中元节,晚八点。
天色彻底暗下来的那一刻,整座城市的气温仿佛骤降了三度。
林正文飘在市中心最高的建筑楼顶,黑色劲装融入夜色,往日惯常没正形的人都多了几分严肃。
她低头看着系统界面——【直播冷却时间:02:07:33】
“偏偏是今晚……”她嘀咕一声,目光扫过下方的街道。
起初还很平静。
随着各个十字路口燃起火光,在人类肉眼看不见的地方,开始零星有半透明的身影从地面“渗”出来,像水底浮起的气泡。
大多是穿着寿衣的老者,神色茫然地飘荡着,循着香火气味找到自家子孙烧纸的灰圈。他们蹲在旁边安静地“吸食”,一脸慈祥地看着对方,口中念叨着什么。
也有年轻些的亡魂,蹲在十字路口,眼巴巴等着“野祭”——那些因为各种原因,停留在原地无人认领的纸钱灰烬。
比如,对象已经投胎了,或是在十八层地狱出不来,亦或是烧纸的方式错误……都会成为孤魂野鬼的无主盛宴。
这是地府允许的“福利”。
但林正文的眉头渐渐皱了起来,心中开始隐隐不安,忍不住几分钟看一次系统界面。
九点过后,“气泡”越来越密集。鬼魂的数量以肉眼可见的速度增长。
这时候如果有八字轻的活人走在路上,就能隐约看到那些薄薄的、影影绰绰的灰雾,出现在路灯照不到的阴影下。

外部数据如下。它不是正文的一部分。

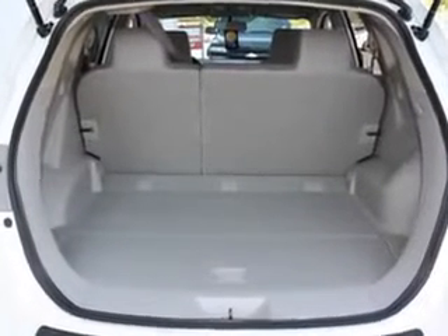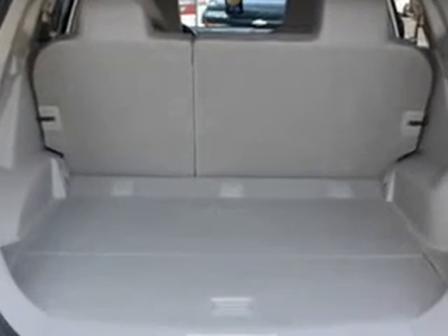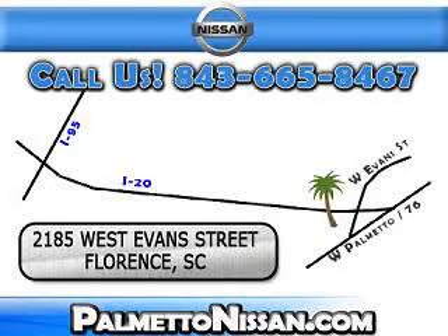Enjoy the drive and have peace of mind in this 2012 Nissan Rogue at Palmetto Nissan today. Just give us a call and we will be happy to answer vehicle questions, discuss financing, or trade-ins. You can drive away today with a great vehicle from Palmetto Nissan. We are easy to find in Florence at 2185 West Evans Street. Come see us.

随着时间的推移,灰雾开始向外张牙舞爪的蔓延,状态也越来越凝实。
更麻烦的是——鬼魂的“品种”变了。
之前还多是安分守己的普通亡魂,九点半以后,开始出现身上蒸腾着不祥气息的凶鬼。
它们不满足于规规矩矩吸食自家香火,开始抢夺无主的灰圈,甚至为了半截香互相撕扯。
林正文亲眼看见,两个穿着民国衣服的老鬼为了一处燃烧正旺的灰堆大打出手,阴气碰撞发出“嗤嗤”声响,把火星卷起数米高,吓得旁边几个新死的年轻鬼魂躲出老远。
“要乱了。”她低声判断。
果然,临近十点,第一批“问题鬼”出现了。
那是个穿着八十年代工装的中年男鬼,胸口一个碗口大的血窟窿。
它不抢香火,而是在居民楼附近逡巡,试图从窗户缝隙钻进去。
林正文及时赶到,一道鬼气抽在它背上,厉声呵斥:“滚回去吃你的!再靠近活人住所,立刻遣返!”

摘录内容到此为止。